The Web of Words

Brian Hayes

A dictionary is more than a book of definitions; it is an index to a language, imposing an order on our inventory of words. Likewise a thesaurus is a table of contents, which takes the same stock of words but organizes them thematically rather than alphabetically. Both kinds of books reveal something about the underlying structure of the lexicon (the set of all words that make up a language). That structure is what mathematicians call a graph—a collection of "nodes" connected by "edges," usually drawn as a web of dots and lines.

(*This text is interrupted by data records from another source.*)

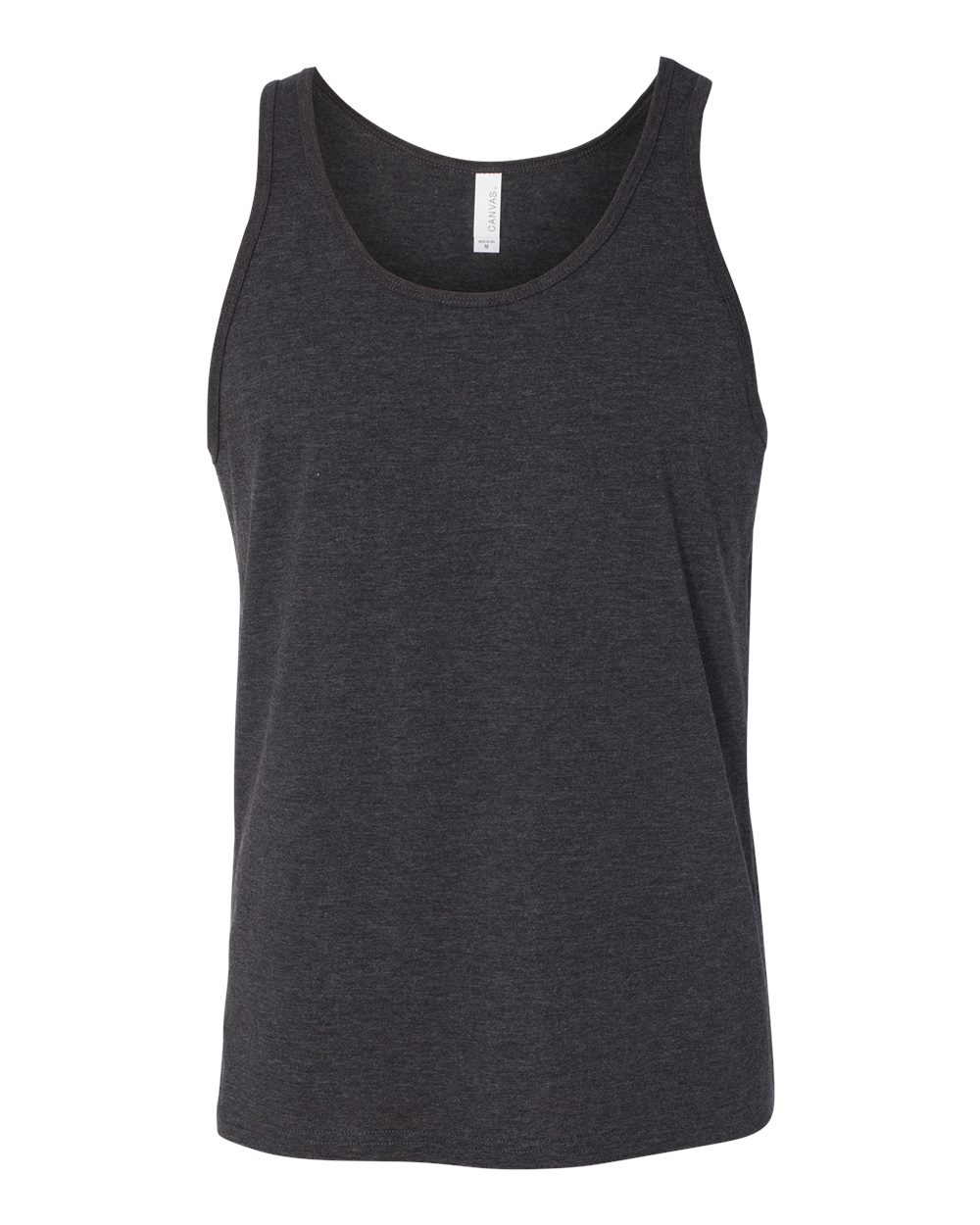 BELLA + CANVAS 3480 - Charcoal Black Triblend/ Solid Black Triblend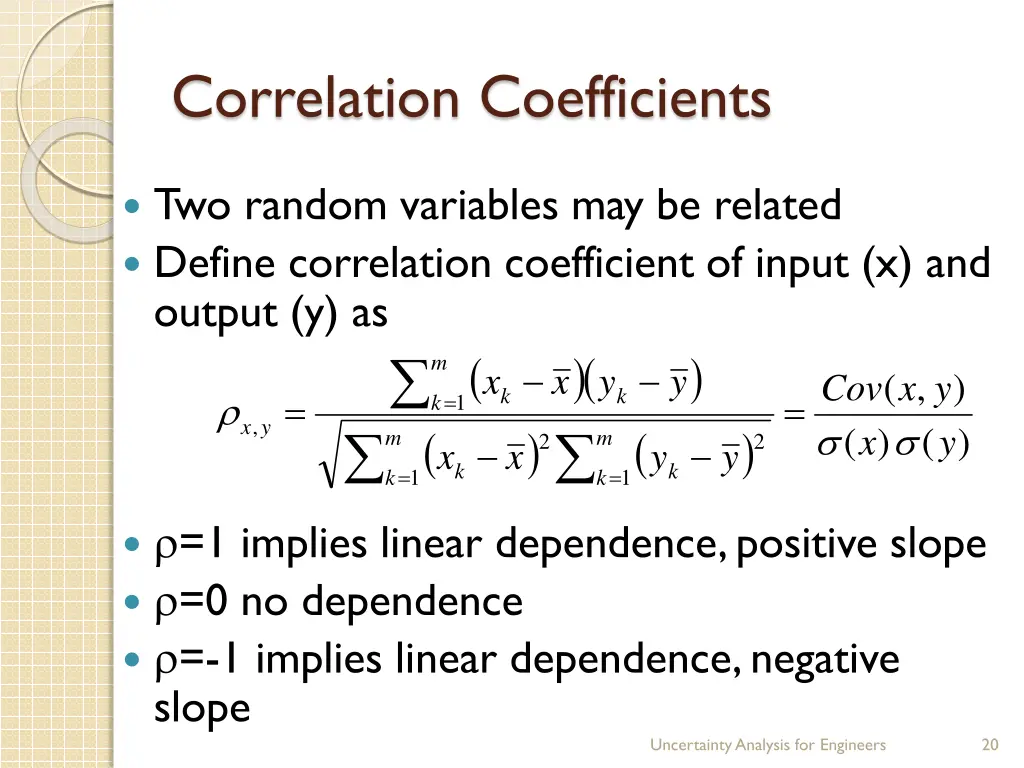 correlation coefficients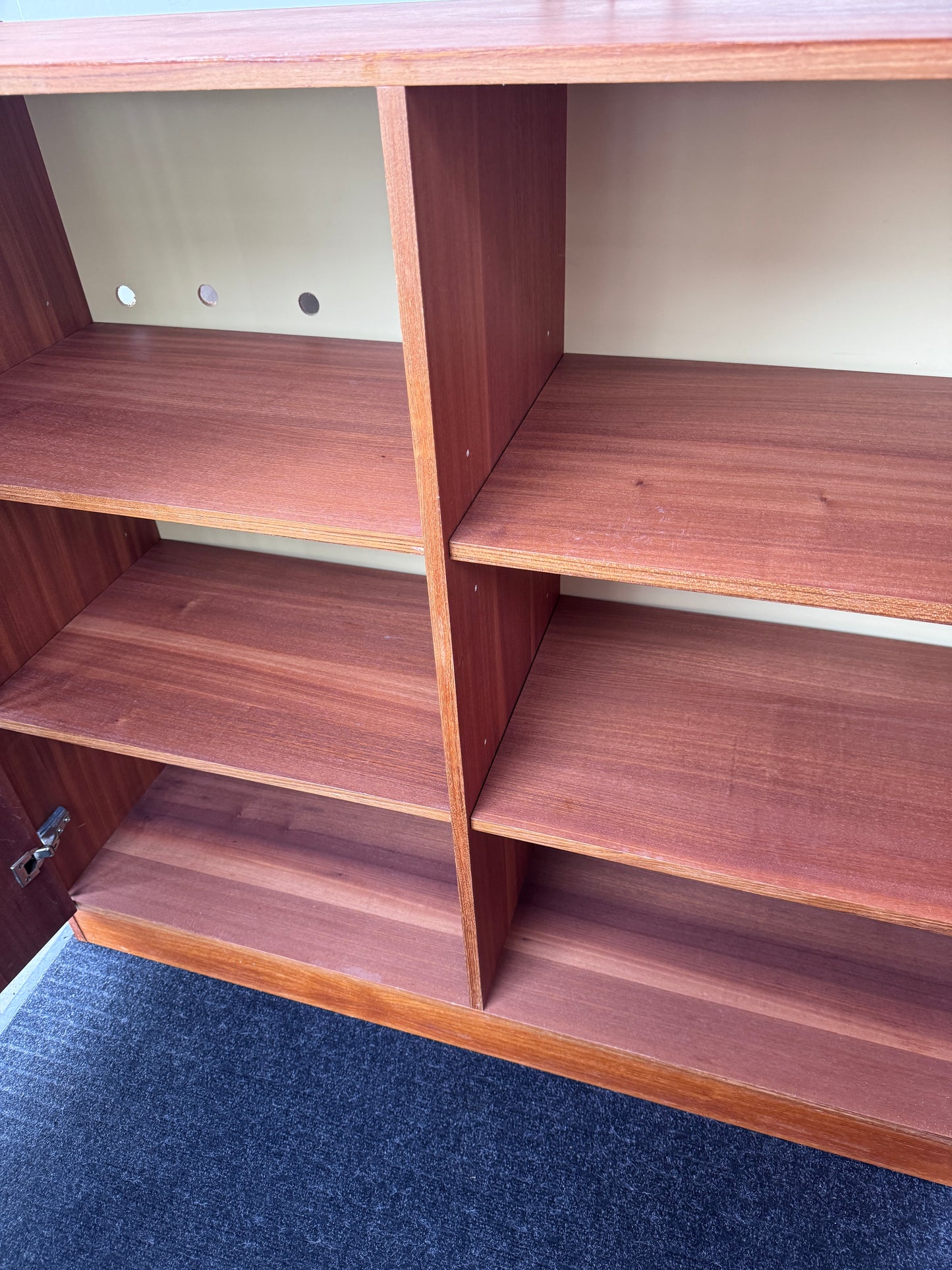 Vintage Teak Cabinet Armoire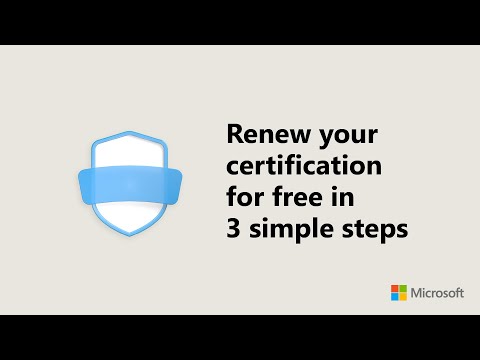 Renew your Microsoft Certifications for free. Stay Microsoft Certified!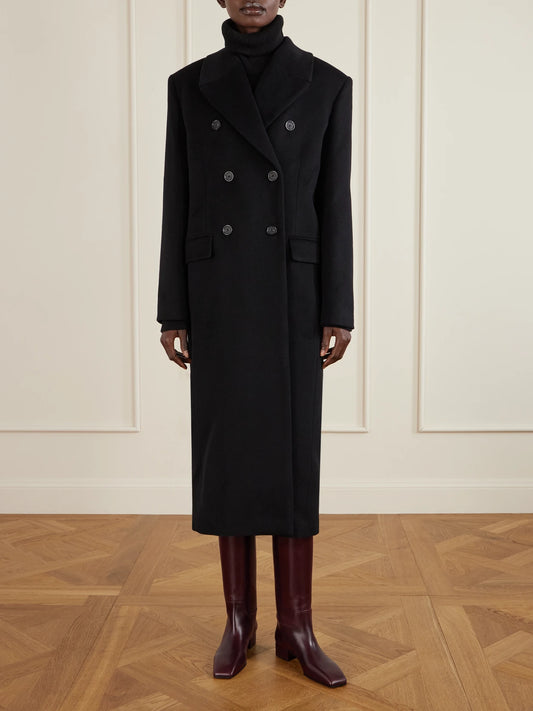Image of Boots. Product name - Classic Square Leather Knee Boots in Merlot colour by brand - CHRISTEN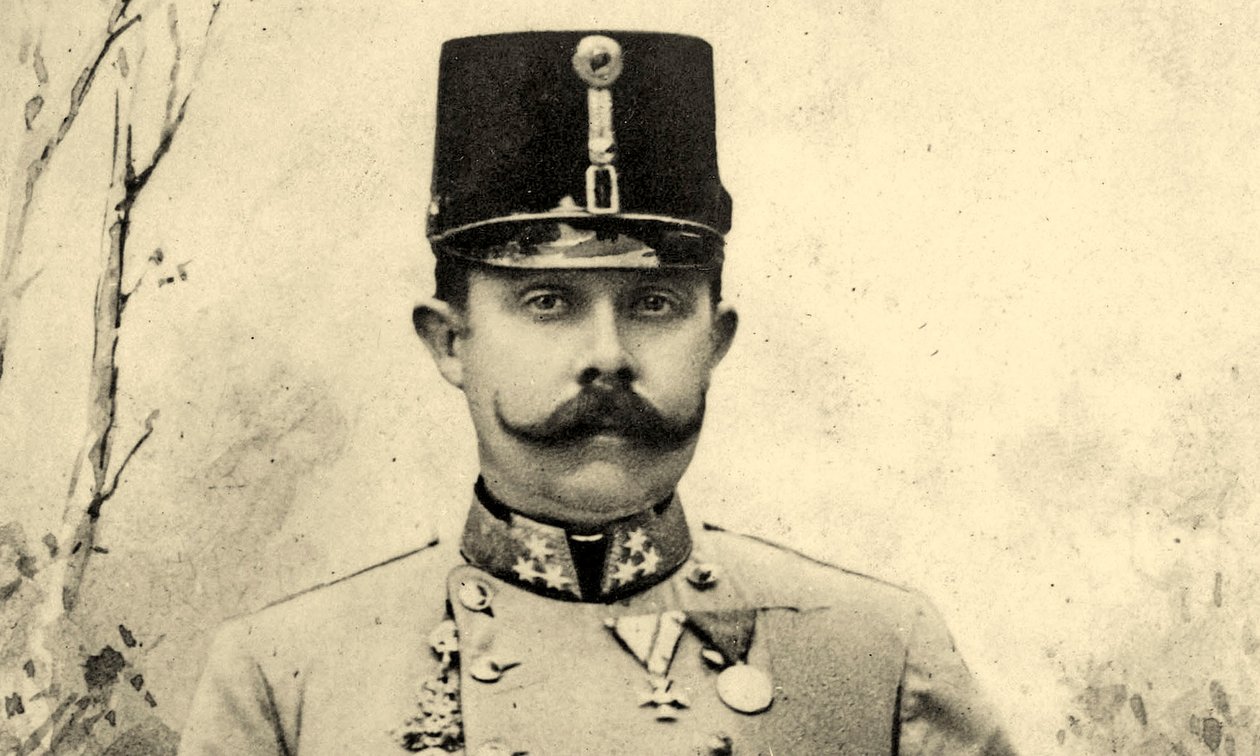 Portret van Franz Ferdinand door Austrian School
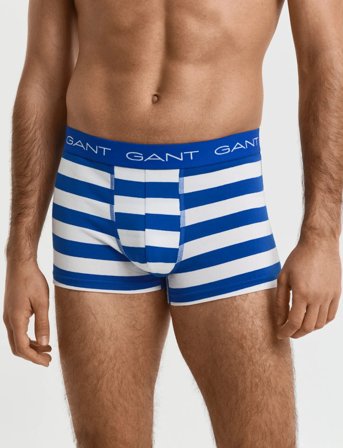 GANT Stripe Trunk 3-Pack - Blue - XXXL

When a language is viewed as a mathematical graph, the nodes are words (or sets of words), and the edges are relations between them. Any dictionary will help you to walk from node to node through the graph. For example, in defining the word elegant, the American Heritage Dictionary offers delicate as a synonym; on looking up delicate, you find dainty among the meanings listed; dainty in turn leads you to the entry for exquisite; and among the meanings of exquisite is elegant again. In this way you trace out one of many loops, or cycles, within the graph defined by this particular dictionary.

Exploring small regions of a lexical graph is a familiar process; you do it mentally whenever you grope for the right word. But trying to construct a graph for an entire language is another matter entirely. English has well over 100,000 words, and they are related to one another in dozens or perhaps hundreds of ways. Finding and recording all the connections is a task on the same scale as compiling a large dictionary. Furthermore, it has to be done with great precision and consistency, because the goal is to create a mathematical structure in which the relations between words are so explicit that the graph can be explored and manipulated algorithmically.

The construction of a lexical graph for English has been under way for almost 15 years in a project called WordNet, which now includes some 168,000 words and 345,000 relations among them. WordNet is the work of George A. Miller and his colleagues in the Cognitive Science Laboratory at Princeton University. (Other contributors are Christiane Fellbaum, Randee I. Tengi and the late Katherine J. Miller.) A book describing WordNet and its applications has recently been published, and the database that defines the lexical graph is available via the Internet and on a CD-ROM, along with software for browsing the graph.